Pubblicato il 13 luglio 2010 19:16 | Ultimo aggiornamento: 13 luglio 2010 19:16

Le onde di Radio Vaticana possono fare male, anzi ci sarebbe un nesso tra le antenne dell’emittente e i tumori nei bambini: a dirlo è la superperizia da 300 pagine su malati, morti ed elettrosmog realizzata dal prof. Andrea Micheli e disposta dal giudice per le indagini preliminari Zaira Secchi.

L’indagine è stato commissionata nel maggio 2005,  ma svolto in sede di incidente probatorio per indagare su numeri forse troppo alti di decessi da leucemia nelle zone di Cesano e La Storta tra la fine degli anni ’80 e il 2003, nell’ambito dell’inchiesta per omicidio colposo, nella quale erano indagate 6 persone.

”Lo studio suggerisce che vi sia stata una associazione importante, coerente e significativa tra esposizione residenziale alle strutture di Radio Vaticana ed eccesso di rischio di malattia per leucemia e linfomi nei bambini, e che le strutture di MariTele, in modo limitato e additivo, abbiano plausibilmente contribuito all’incremento di quel rischio”, si legge nel testo. I rischi più “importanti” sono stati riscontrati per i piccoli che hanno abitato “per più tempo della loro vita nella fascia tra 6 e 12 km dalla stazione della radio pontificia”.

”Per quanto concerne lo studio di mortalità relativo” alle emissione di elettrosmog ”dalle strutture di Radio Vaticana, le condizioni di prova richiesta si sono verificate”, si spiega.
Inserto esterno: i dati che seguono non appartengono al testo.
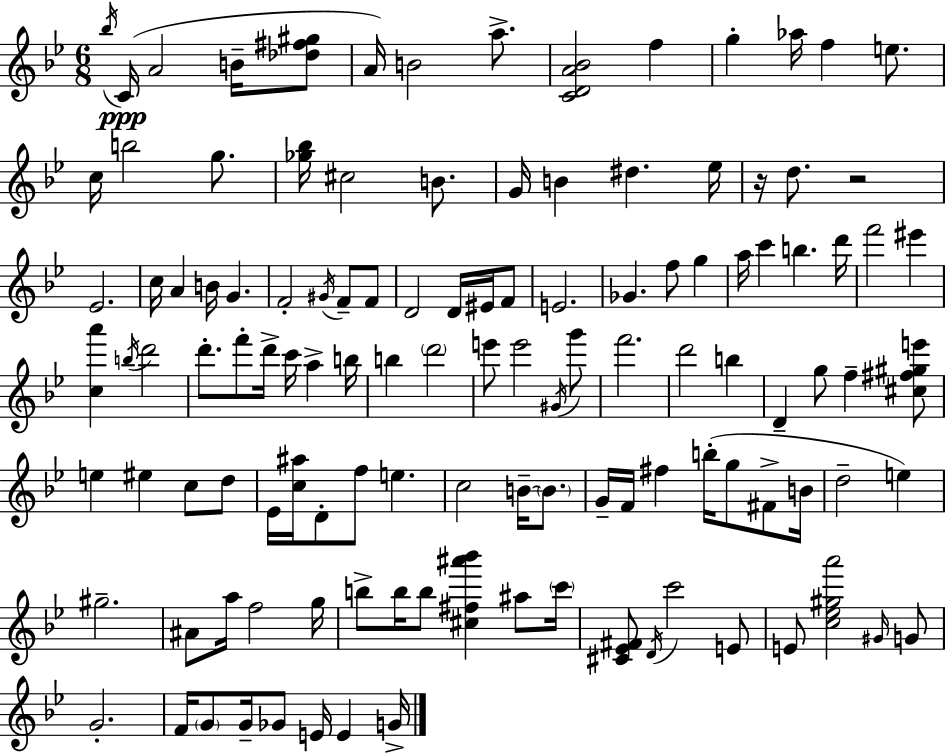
Bb5/s C4/s A4/h B4/s [Db5,F#5,G#5]/e A4/s B4/h A5/e. [C4,D4,A4,Bb4]/h F5/q G5/q Ab5/s F5/q E5/e. C5/s B5/h G5/e. [Gb5,Bb5]/s C#5/h B4/e. G4/s B4/q D#5/q. Eb5/s R/s D5/e. R/h Eb4/h. C5/s A4/q B4/s G4/q. F4/h G#4/s F4/e F4/e D4/h D4/s EIS4/s F4/e E4/h. Gb4/q. F5/e G5/q A5/s C6/q B5/q. D6/s F6/h EIS6/q [C5,A6]/q B5/s D6/h D6/e. F6/e D6/s C6/s A5/q B5/s B5/q D6/h E6/e E6/h G#4/s G6/e F6/h. D6/h B5/q D4/q G5/e F5/q [C#5,F#5,G#5,E6]/e E5/q EIS5/q C5/e D5/e Eb4/s [C5,A#5]/s D4/e F5/e E5/q. C5/h B4/s B4/e. G4/s F4/s F#5/q B5/s G5/e F#4/e B4/s D5/h E5/q G#5/h. A#4/e A5/s F5/h G5/s B5/e B5/s B5/e [C#5,F#5,A#6,Bb6]/q A#5/e C6/s [C#4,Eb4,F#4]/e D4/s C6/h E4/e E4/e [C5,Eb5,G#5,A6]/h G#4/s G4/e G4/h. F4/s G4/e G4/s Gb4/e E4/s E4/q G4/s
E poi si aggiunge che “rischi importanti” per la “fascia di esposti tra i 5 e i 9 chilometri dall’emittente, per almeno 10 anni, di donne e uomini di tutte le età, dove il rischio di morte per tumori emolinfopoietici”.
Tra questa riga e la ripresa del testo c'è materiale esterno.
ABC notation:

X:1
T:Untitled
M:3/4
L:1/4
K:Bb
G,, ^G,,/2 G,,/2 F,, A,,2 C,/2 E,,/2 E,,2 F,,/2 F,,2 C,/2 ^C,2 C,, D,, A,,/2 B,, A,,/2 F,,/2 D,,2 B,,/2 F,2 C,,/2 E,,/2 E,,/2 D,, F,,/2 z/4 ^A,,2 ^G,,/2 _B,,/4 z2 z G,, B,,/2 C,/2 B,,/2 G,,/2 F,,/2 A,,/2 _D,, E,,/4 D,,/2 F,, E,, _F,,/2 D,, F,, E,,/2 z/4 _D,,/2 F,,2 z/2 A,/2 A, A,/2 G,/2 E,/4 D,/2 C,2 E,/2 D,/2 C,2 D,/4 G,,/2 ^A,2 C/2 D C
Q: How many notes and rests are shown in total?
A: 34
”Tutte le analisi condotte hanno indicato condizioni di eccesso di rischio di morte su valori oscillanti su tutta l’area di studio, fino a 12 chilometri dall’emittente, con eccessi importanti e significativi, con però mancata evidenza di rischio per gli esposti adulti sino a 5 chilometri dall’emittente”.